I’m running a hierarchical model in rstan (v. 2.15.1, R version 3.4.0), and frequently – but not consistently – I get an error right after compilation:
Iteration: 1 / 500 [ 0%] (Warmup)
[1] “Error in sampler$call_sampler(args_list[[i]]) : "
[2] " c++ exception (unknown reason)”
error occurred during calling the sampler; sampling not done
I’ve tried to strip it down to the minimum that produces this error:
gmodel='data {
int<lower=0> n; // number of subjects
int<lower=0> k; // number of observations per subject
real r;
real y[k,n];
}
parameters {
real<lower=0> tau[n];
real<lower=0> beta;
}
transformed parameters {
real<lower=0> sigma[n];
real<lower=0> betas;
betas=beta+r;
for (i in 1:n){
sigma[i]=pow(tau[i],-.5);
}
}
//
model {
beta ~ exponential(1);
for(i in 1:n){
tau[i] ~ exponential(betas);
for (j in 1:k){
y[j,i] ~ normal(0,sigma[i]);
}
}
}’
nn=200
tau=rexp(nn,2)
kk=3
yy=sapply(tau,function(t) rnorm(kk,0,t^(-.5)))

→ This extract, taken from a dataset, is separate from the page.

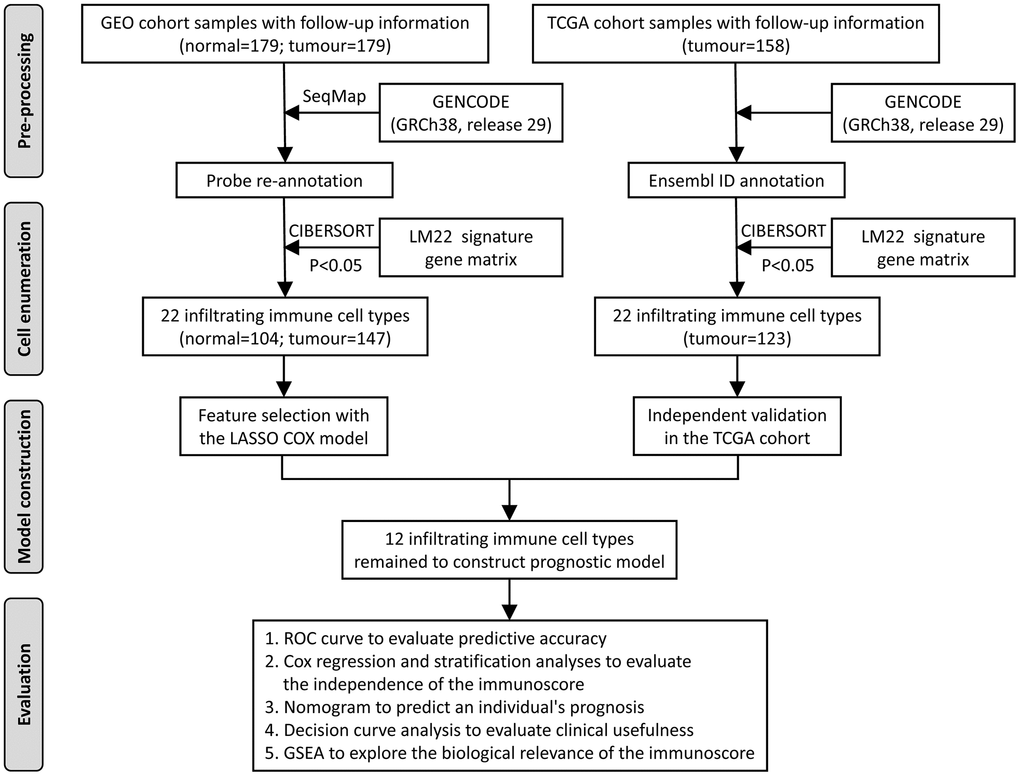 Flowchart of the study design. GEO, Gene Expression Omnibus; TCGA, The Cancer Genome Atlas; ROC, receiver operating characteristic; GSEA, gene set enrichment analysis.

gamdat=list(n=nn,y=yy,k=kk,r=.1)
gamstan=stan(model_code = gmodel,data = gamdat,iter=500,chains=1)
The transformed parameter betas is there because I thought maybe there was a problem with sampling negative values of beta. Indeed, setting r=1 – so betas=beta+1 – makes it run consistently, while r = .1 or anything lower pretty consistently crashes. But the code might run several times in a row, then crash on the fourth try, though it’s the same data each time. Once it crashes, it crashes immediately each time I run it again, until I force it to recompile by changing the model.
I was originally running it on RStan 2.16.2, but I reinstalled the older version because I thought that might be causing the problem, because it was compiled on R 3.4.1. But no change.
To make it even more confusing, I tried running exactly the same code on a Linux server, also with R 3.4.0 and RStan 2.16.2, and there it runs without a hitch. Obviously I could run everything on the server, and I guess I will, but I’d appreciate hearing if anyone has any insight into this.